____ Dataset entries
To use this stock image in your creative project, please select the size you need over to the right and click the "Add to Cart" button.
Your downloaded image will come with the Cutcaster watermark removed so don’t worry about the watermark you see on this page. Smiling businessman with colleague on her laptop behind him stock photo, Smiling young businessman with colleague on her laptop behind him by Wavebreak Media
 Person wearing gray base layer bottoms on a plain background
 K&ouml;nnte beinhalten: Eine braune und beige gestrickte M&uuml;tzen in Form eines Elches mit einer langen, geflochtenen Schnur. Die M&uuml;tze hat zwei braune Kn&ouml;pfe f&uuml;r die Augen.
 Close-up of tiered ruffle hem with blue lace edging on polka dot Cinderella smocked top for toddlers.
________
→ Try it
Print exactly the lines from the one with "Person wearing gray" through the end of the data, inclusive.

→ Exercise solution
 Person wearing gray base layer bottoms on a plain background
 K&ouml;nnte beinhalten: Eine braune und beige gestrickte M&uuml;tzen in Form eines Elches mit einer langen, geflochtenen Schnur. Die M&uuml;tze hat zwei braune Kn&ouml;pfe f&uuml;r die Augen.
 Close-up of tiered ruffle hem with blue lace edging on polka dot Cinderella smocked top for toddlers.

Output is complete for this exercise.